What We’ve Learned Refactoring Legacy Code with AI

Every developer knows the feeling. You open an inherited codebase, and you’re immediately lost. Variable names that made perfect sense to someone in 2017 now read like cryptic puzzles. Functions stretch across hundreds of lines. Comments, where they exist at all, reference tickets from a project management system the company stopped using three years ago.
This is legacy code. And for most development teams, refactoring it has always been somewhere between “painful necessity” and “thing we avoid until something breaks.”
Over the past year, we’ve been exploring how AI tools change this equation.
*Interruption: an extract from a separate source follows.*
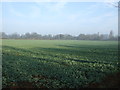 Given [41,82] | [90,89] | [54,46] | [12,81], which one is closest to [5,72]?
[12,81]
Not as a replacement for developer judgment – that’s a dangerous fantasy – but as something more practical: an assistant that can help shoulder the cognitive burden of understanding code you didn’t write.
Table of Contents
Old Code Means Excessive Cognitive Load
Before diving into tools and techniques, it’s worth understanding why legacy code is so difficult to work with. It’s not primarily a technical challenge. It’s a cognitive one.
Research on cognitive load in software development points to something counterintuitive: the average person can hold roughly four “chunks” of information in working memory at once. Once the cognitive load reaches this threshold, it becomes much harder to understand things.
When you’re trying to trace execution flow through an unfamiliar codebase – keeping track of variable states, understanding dependencies, remembering which function called what – you hit that limit fast.
This is why that “smart” architecture with elegant design patterns can actually make things worse. We’ve seen it ourselves: impressive architectures using the latest patterns, but when new team members try to make changes, they spend days just trying to understand how everything connects before writing a single line.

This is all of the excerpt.